Tag Archives: Dogs Trust

The virtual pooch that could help prevent dog bites

A virtual dog could soon be used as an educational tool to help prevent dog bites, thanks to an innovative project led by the University of Liverpool’s Virtual Engineering Centre (VEC).

In collaboration with Dogs Trust and University of Liverpool animal behaviour researchers, the VEC has created a proof of concept virtual reality (VR) experience in which people can approach and interact with a dog displaying signs of aggression in a safe and controlled way.

Virtual reality dog

Virtual reality dog in its environment. Credit: Virtual Engineering Centre (VEC)

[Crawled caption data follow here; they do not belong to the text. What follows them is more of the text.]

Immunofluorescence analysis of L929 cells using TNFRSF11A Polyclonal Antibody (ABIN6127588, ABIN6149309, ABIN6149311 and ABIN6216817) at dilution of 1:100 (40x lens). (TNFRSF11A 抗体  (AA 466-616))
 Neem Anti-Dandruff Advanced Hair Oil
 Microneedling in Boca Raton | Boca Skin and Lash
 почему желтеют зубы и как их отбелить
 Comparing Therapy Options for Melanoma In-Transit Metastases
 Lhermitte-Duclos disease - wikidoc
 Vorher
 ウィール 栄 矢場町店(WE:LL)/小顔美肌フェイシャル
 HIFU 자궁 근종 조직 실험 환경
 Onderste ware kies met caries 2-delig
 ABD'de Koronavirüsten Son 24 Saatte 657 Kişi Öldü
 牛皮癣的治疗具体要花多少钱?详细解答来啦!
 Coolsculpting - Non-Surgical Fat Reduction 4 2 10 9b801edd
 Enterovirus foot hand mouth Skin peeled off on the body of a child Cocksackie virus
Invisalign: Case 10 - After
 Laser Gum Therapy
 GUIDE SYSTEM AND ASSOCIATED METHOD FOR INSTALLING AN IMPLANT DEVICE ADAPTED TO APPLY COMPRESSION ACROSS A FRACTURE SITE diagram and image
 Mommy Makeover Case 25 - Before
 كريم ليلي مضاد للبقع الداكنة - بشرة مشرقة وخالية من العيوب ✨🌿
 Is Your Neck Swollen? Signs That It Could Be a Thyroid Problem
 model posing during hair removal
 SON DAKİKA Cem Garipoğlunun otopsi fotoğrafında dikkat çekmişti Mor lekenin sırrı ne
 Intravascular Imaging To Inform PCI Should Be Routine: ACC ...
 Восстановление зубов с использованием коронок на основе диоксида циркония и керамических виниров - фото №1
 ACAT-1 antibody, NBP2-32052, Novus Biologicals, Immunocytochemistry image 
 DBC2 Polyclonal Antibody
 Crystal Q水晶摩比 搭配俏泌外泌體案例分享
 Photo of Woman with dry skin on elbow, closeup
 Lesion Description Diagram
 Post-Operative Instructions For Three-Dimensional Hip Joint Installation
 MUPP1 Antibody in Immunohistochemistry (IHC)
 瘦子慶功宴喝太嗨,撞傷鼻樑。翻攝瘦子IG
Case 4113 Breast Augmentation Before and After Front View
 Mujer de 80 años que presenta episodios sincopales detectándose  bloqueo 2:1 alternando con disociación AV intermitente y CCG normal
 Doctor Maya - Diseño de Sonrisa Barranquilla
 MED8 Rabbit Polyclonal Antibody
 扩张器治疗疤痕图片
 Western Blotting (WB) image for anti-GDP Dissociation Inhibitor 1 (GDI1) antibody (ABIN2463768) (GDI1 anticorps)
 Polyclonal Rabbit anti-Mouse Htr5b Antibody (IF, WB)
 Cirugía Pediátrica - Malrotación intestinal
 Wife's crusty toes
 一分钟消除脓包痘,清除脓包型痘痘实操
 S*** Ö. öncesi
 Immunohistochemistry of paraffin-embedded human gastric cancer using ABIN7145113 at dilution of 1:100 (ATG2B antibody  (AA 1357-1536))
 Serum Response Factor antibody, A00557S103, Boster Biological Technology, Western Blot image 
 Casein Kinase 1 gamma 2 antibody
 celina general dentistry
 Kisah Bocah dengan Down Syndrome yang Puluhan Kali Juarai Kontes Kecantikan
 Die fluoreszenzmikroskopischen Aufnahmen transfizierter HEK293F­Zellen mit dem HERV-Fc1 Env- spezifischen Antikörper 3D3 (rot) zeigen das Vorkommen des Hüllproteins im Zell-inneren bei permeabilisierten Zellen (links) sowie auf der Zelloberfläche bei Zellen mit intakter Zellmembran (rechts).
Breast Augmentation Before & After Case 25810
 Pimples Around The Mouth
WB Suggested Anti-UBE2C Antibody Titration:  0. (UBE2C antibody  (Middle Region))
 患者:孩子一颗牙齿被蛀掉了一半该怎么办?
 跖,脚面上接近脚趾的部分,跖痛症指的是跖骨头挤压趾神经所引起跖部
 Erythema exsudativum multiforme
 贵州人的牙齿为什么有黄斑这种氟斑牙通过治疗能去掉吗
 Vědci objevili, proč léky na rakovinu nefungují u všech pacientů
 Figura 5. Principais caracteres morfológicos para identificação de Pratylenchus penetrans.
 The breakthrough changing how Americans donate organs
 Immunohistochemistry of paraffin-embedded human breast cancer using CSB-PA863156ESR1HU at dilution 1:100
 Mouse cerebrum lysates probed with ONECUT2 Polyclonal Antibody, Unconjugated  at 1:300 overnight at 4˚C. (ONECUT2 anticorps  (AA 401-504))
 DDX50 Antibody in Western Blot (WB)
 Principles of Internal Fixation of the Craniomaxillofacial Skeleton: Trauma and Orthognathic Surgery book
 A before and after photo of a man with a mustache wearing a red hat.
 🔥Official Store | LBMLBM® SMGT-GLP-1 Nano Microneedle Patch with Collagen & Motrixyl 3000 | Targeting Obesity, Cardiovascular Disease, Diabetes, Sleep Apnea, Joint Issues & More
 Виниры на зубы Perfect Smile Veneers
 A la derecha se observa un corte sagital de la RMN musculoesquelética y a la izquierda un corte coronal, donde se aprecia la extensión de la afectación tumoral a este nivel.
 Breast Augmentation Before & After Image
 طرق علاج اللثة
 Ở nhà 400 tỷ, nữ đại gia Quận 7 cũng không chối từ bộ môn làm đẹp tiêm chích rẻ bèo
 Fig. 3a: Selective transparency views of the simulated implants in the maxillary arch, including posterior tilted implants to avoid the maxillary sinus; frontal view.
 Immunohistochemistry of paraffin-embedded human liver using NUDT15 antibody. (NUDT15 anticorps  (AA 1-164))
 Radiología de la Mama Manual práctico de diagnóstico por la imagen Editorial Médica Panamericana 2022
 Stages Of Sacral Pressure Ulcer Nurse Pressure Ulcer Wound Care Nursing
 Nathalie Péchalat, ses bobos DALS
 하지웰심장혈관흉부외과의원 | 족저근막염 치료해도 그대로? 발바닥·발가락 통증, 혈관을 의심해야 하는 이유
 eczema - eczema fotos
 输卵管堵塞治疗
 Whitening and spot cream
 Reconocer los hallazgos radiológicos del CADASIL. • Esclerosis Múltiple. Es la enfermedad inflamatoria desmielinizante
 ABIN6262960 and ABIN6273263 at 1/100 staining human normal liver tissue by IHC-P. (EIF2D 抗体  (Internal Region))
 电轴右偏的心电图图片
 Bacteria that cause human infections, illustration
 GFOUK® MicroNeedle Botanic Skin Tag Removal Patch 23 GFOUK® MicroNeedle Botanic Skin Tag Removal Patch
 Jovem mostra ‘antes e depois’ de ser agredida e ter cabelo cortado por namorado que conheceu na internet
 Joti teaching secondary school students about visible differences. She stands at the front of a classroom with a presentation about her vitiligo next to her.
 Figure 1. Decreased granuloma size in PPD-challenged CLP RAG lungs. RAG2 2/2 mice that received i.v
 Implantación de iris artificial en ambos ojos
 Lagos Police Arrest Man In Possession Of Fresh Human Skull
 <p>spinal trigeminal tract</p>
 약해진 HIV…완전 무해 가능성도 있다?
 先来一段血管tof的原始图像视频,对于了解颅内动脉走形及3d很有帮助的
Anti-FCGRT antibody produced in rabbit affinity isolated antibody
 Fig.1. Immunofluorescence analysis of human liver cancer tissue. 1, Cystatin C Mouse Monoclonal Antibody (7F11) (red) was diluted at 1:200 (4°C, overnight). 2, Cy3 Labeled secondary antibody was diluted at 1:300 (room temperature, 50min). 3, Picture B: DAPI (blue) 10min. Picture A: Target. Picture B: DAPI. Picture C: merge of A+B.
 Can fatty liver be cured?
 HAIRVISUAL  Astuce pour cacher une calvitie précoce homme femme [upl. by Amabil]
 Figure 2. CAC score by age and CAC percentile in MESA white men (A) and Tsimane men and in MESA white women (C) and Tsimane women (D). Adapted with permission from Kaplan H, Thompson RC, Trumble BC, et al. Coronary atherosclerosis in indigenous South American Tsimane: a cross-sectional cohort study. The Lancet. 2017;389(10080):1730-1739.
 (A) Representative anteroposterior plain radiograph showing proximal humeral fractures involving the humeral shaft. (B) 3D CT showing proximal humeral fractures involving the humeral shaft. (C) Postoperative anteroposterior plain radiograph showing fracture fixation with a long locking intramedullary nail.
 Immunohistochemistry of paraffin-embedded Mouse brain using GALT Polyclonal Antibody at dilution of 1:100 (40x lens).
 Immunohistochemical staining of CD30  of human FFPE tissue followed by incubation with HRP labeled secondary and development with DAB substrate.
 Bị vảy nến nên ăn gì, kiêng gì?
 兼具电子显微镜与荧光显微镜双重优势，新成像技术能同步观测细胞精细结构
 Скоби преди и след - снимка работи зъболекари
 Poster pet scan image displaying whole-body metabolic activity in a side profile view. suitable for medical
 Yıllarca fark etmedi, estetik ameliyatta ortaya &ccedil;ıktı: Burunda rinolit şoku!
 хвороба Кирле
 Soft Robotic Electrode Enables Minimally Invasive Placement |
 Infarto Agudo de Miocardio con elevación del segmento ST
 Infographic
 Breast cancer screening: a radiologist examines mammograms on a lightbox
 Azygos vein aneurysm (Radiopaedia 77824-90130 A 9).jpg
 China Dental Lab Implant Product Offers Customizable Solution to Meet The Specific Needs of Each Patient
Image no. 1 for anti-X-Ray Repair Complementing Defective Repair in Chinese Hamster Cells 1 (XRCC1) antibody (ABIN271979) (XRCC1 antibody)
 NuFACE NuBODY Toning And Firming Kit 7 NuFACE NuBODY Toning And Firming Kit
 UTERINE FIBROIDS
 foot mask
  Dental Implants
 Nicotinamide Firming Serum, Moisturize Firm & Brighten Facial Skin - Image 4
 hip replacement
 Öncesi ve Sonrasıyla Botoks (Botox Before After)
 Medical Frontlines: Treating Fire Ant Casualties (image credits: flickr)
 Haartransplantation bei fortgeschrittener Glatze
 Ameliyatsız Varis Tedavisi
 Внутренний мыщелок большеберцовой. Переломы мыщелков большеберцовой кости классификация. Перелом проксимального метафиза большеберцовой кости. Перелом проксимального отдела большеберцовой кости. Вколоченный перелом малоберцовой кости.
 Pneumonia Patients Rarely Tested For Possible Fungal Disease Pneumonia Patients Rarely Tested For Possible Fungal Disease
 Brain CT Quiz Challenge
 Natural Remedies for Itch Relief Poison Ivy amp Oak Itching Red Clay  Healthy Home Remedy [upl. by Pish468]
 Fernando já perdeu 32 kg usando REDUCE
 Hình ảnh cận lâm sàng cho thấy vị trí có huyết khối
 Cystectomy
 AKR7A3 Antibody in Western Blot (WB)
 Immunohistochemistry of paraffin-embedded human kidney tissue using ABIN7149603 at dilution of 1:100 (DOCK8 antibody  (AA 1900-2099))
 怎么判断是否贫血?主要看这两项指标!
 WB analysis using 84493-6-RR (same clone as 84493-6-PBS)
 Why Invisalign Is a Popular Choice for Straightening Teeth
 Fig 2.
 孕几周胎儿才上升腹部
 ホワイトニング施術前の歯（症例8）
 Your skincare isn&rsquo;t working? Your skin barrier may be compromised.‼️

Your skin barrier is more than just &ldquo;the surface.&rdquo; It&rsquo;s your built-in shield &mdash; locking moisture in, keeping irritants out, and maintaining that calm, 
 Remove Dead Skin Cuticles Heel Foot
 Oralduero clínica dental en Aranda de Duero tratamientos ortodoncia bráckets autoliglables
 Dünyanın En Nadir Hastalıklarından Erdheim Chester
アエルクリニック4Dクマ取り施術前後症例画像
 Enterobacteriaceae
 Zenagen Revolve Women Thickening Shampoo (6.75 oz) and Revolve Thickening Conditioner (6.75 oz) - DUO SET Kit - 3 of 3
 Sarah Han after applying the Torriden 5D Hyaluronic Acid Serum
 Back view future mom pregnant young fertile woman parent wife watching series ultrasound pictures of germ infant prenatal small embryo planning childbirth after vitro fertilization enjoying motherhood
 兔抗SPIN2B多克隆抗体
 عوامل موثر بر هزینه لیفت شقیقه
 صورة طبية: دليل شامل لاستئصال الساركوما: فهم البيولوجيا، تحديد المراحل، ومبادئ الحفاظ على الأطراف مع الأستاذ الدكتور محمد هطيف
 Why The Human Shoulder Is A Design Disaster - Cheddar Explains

The experience aims to help adults and children recognise specific behaviours displayed by dogs, which could potentially lead to an attack or incident if not correctly identified.

6,740 hospital admissions for dog bites and strikes were recorded in the UK in 2013 and University of Liverpool research suggests that the burden of dog bites is considerably larger than those estimated from hospital records.

As part of a desire to better educate children and adults about dog bite prevention, Dogs Trust wanted to explore whether a digital tool could help people identify a range of stress and threat behaviours typically exhibited by dogs, which have the potential to lead to a bite.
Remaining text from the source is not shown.